My hair for years was not a color found in nature…at least not all of it, the hair closest to my scalp is natural and from there on out the color is whatever faded out bottle color I used last…but much of it now has gleaming white interwoven in it giving the illusion of natural highlights, and in a sense they are. My wardrobe features very few trendy pieces; I currently am most comfortable in pj’s. My lingerie is not color-coordinated. My make-up is not caked on to hide my natural complexion, alter my imperfect features or disguise my ethnicity. Back in the day I applied it heavy enough to cover all the uglies, the uglies are a part of me now, for sure here to stay and grow old with me…and I’m so much more okay with it than I ever was before…

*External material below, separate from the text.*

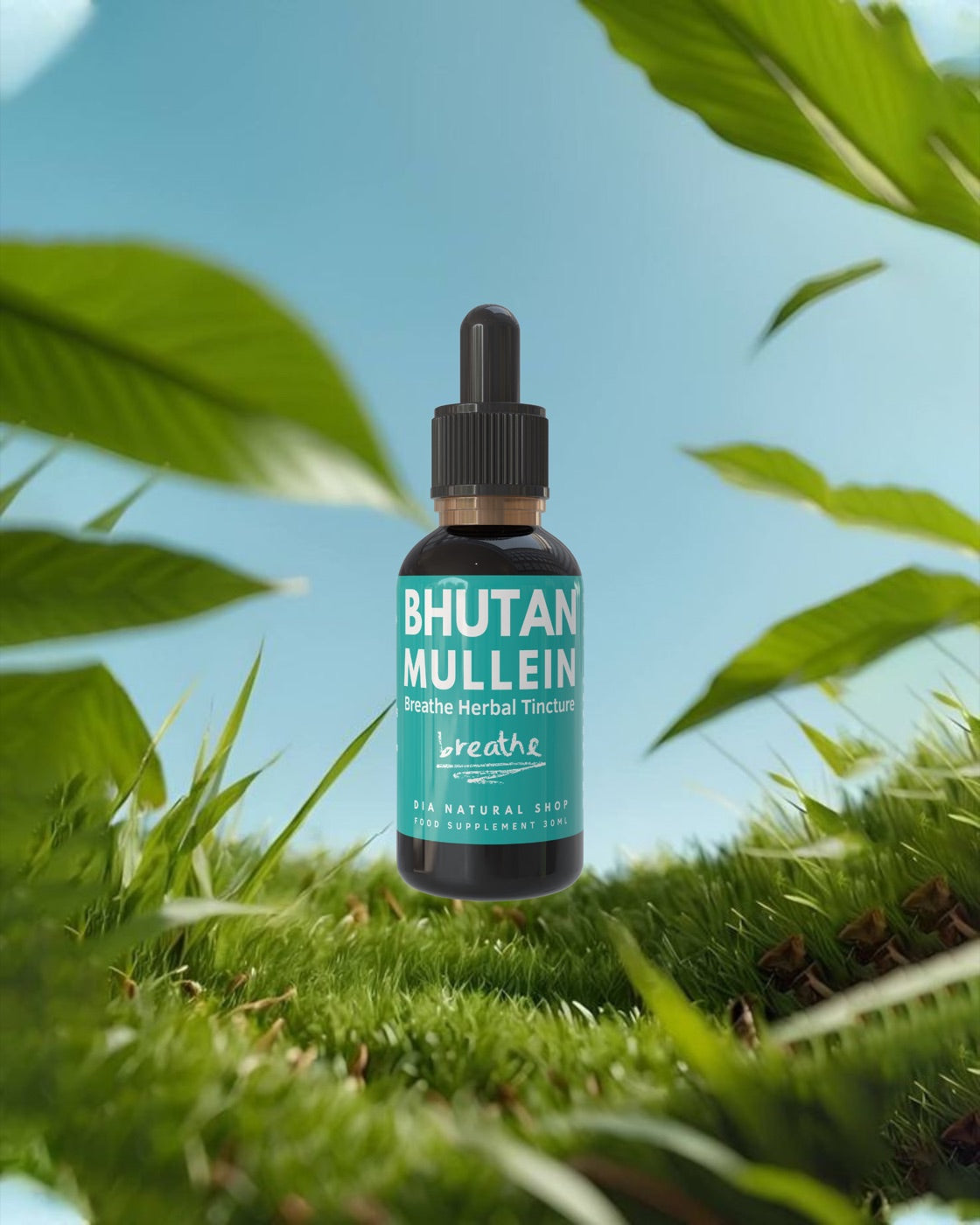 Botanical Tinctures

I don’t make polite conversation well or any other type of conversation. I make bad jokes and still think I’m funny. I can honestly say I don’t know how to do many things. I don’t care if you have money and I certainly plan to spend my own and not yours anyway. I listen because I want to; sometimes I listen because I have to….

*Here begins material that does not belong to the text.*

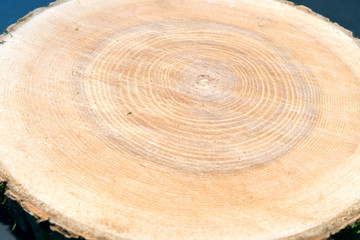 Holzscheibe mit Jahresringen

I don’t pre-plan the ending of anything too often, winging it is more my style. My self-worth does not revolve around my popularity. I can spend hours on the phone talking about nothing at all. I like spending time with myself- alone. I used to go to the movies by myself so that I could listen without any questions of “what’s gonna happen?”
I couldn’t tell you what songs are currently popular on the radio or on music television. I am not a commodity. You cannot sell me something just because it’s pink. I don’t have to fake being nice and I don’t feel the need to apologize every time I’m not. Sometimes, I stay out past my bedtime and sometimes I don’t stay out at all…and lately I just don’t even make it out, but that will change…soon…I hope. I don’t really have a bedtime, but I should…I may try to set a bedtime next year….
I really like to eat and will order a full meal when I go out to dinner. I order pizza for myself. I’m not going to pretend to have your interests. I have my own. I am building a life….and dammit…it feels good.
You probably think I’m “cool” although I’m fairly sure that term only refers to those people who have no reservations about being themselves- quirks and all. You quietly envy my ballsiness, brazenness and gusto. You covet my opinions and my pastimes. You note my awkwardness, my genuine confusion, and my constant introspection. You loathe the way I don’t play life but this works for me…
I cry when I get my heart broken, have no magic fix for rejection. I get dirty. I play to my strengths and accept those limitations I cannot correct…or at least I pretend to.
I am fine being a walking contradiction. I don’t consider myself a hypocrite as I am taking time to find, and like, myself. I’m even taking time to like others. I don’t think of myself as good and pure I’m not here to change your life or to plan it. I could never be a role model, nor would I want to. I am terribly hungry right now, and I am intent on having my cake…and yes eating it to….but I just felt compelled to offer you this dribbling randomness.